Тогда я заткнулся, хвала небесам за остатки сообразительности в этой сивой черепушке… Нет, она, разумеется, сама закажет – известно где, в зеркальной мастерской Эдварда, в Монреале, – она работает с ним уже много лет и полностью доверяет, – именно то зеркало, которое нужно профессорской гостиной. Над камином. Только Эдвард способен все сделать за короткий срок по ее заданию и отправить с посыльным…

Мне поручили снять размеры, и я это проделал, смущенно и таинственно посмеиваясь под недоуменным взглядом профессора, балансируя на шатком табурете времен Войны Севера и Юга и на все вопросы прикладывая палец к губам.

Накануне торжественного ресторанного сборища зеркало – как и было назначено – доставили прямо в дом к Мятлицкому. Он уже стоял, одетый, как на концерт: в смокинге, ослепительной сорочке и в бабочке. Посыльные внесли огромный прямоугольный ящик, Анна расписалась и сама приступила к распаковыванию-распеленыванию заветного младенца. Наконец, последняя пелена спала… Все умолкли.

Не понимаю, каким образом этому куску стекла удалось вобрать в себя гостиную профессора со всеми надоедливыми столиками, подносами, канделябрами, шкатулками, диванами, креслами и коврами, да еще прихватить боковым оберегающим отражением прихожую и даже – что совсем невероятно – через небольшое зеркальце в холле отразить угол входной двери.

Этот завораживающий фокус проделала моя зеркальная девочка.

Кроме того, оно, это зеркало, обладало некоей дополнительной глубиной – зеленоватой, влажной глубиной, исполненной такой подводной тишины, что я бы не удивился, если бы там, за нашими спинами, проплыла, вильнув хвостом, какая-нибудь призрачная рыбина… Это зеркало дышало, клянусь всеми богами! И, главное, не только раскрывало гостиную, но и придавало ей театральную значительность. Торжественную значимость, равную и достойную долгой жизни нашего именинника.
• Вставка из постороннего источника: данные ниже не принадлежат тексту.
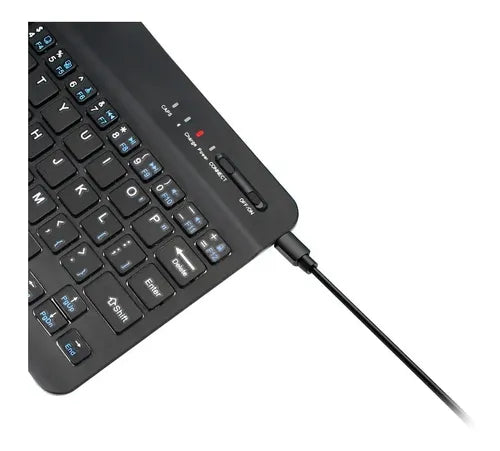 Teclado Inalambrico Bluetooth Negro iPad Tablet Smartphone Negro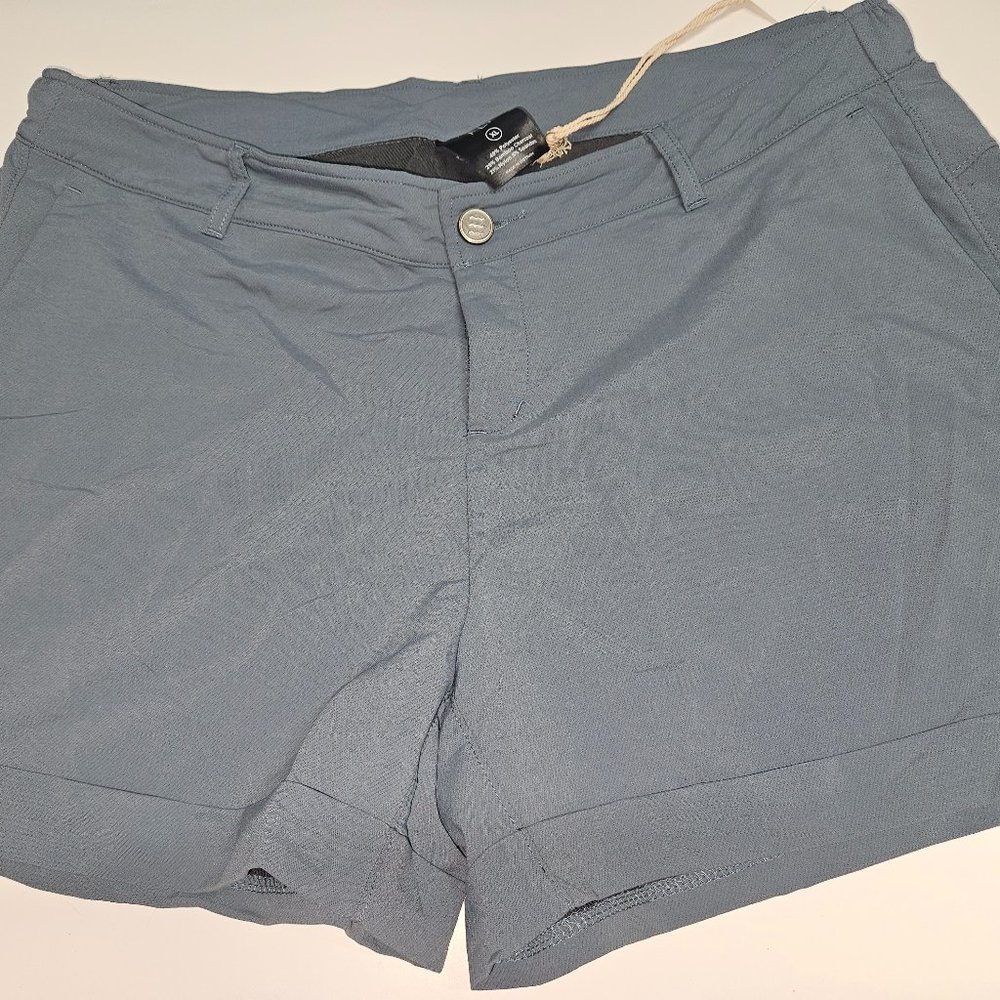 Free Fly Apparel Womens XL Utility Shorts Pacific Blue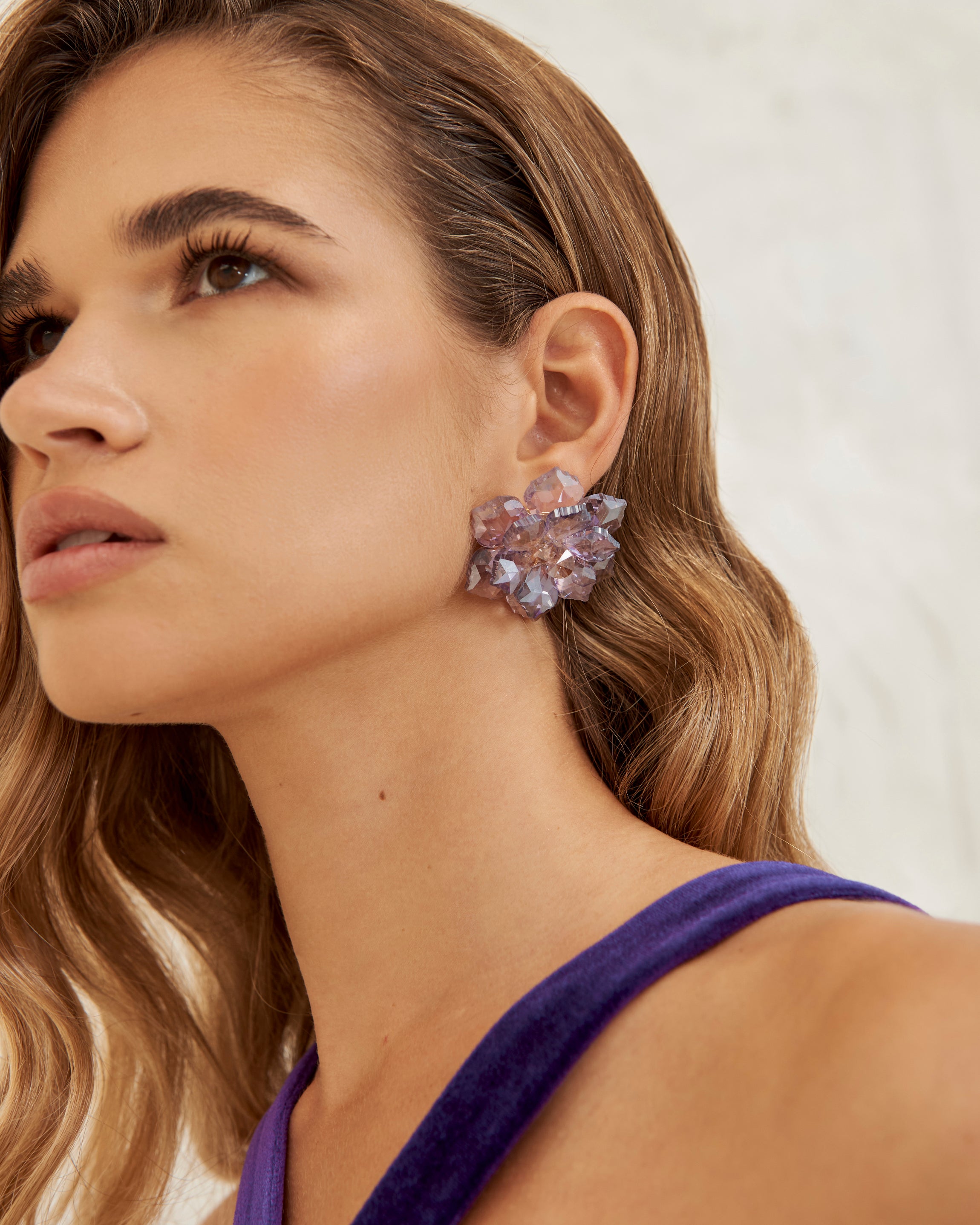 Boucles d'oreilles Fleur Lilas de Sita Nevado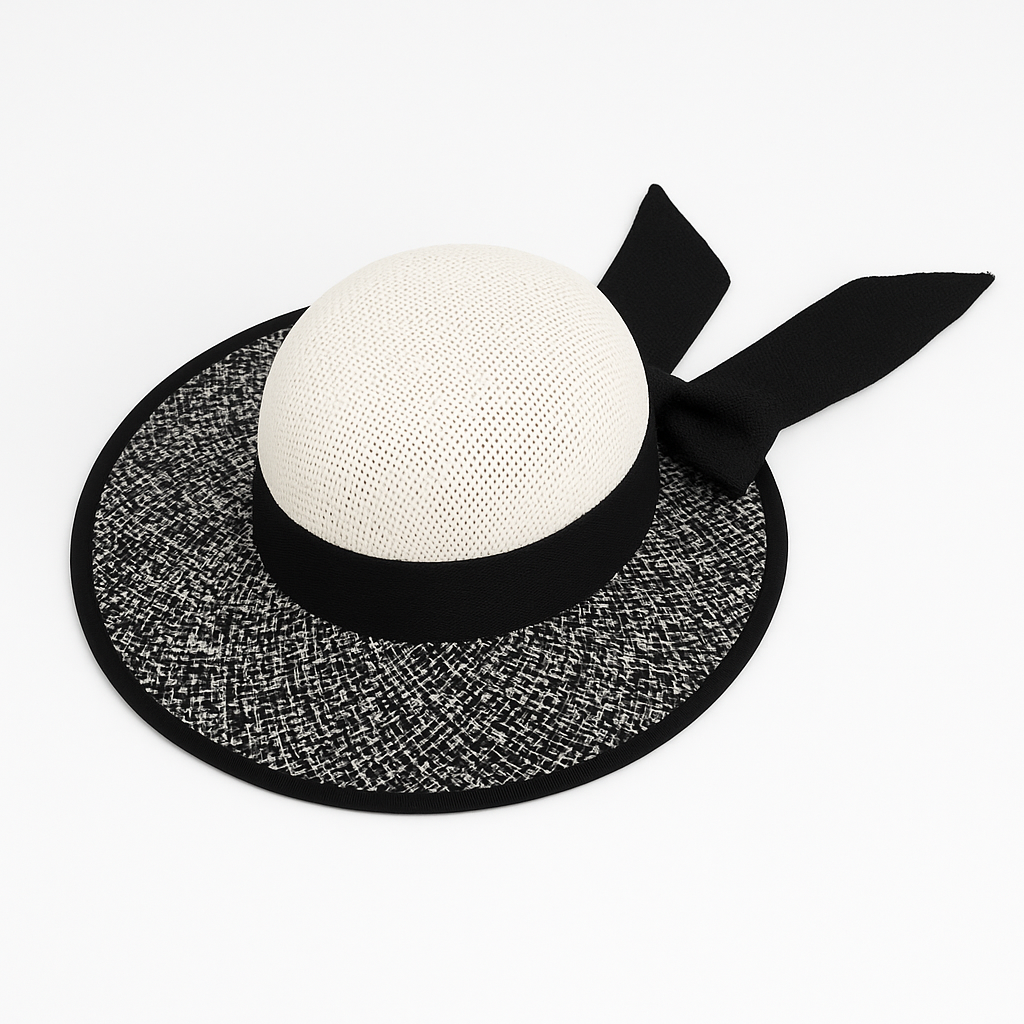Cappello elegante a tesa larga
Рама была обычной, темно-вишневой, почти незаметной.

– Боже… – зачарованно проговорил Профессор. – Какой я болван! Почему никогда мне не приходило в голову повесить тут зеркало?

И умница Юлия торжественно ответила:

– Оно всегда тут висело. Просто ты его не видел!

А я стоял и думал: никогда, никогда у нее не было своего дома, чтобы украсить его такими зеркалами-оберегами. Неужели так и не будет? И – моя любовь! – сердце защемило такой тоской, словно она не стояла рядом со мною, а была уже далеко. Невозвратимо далеко.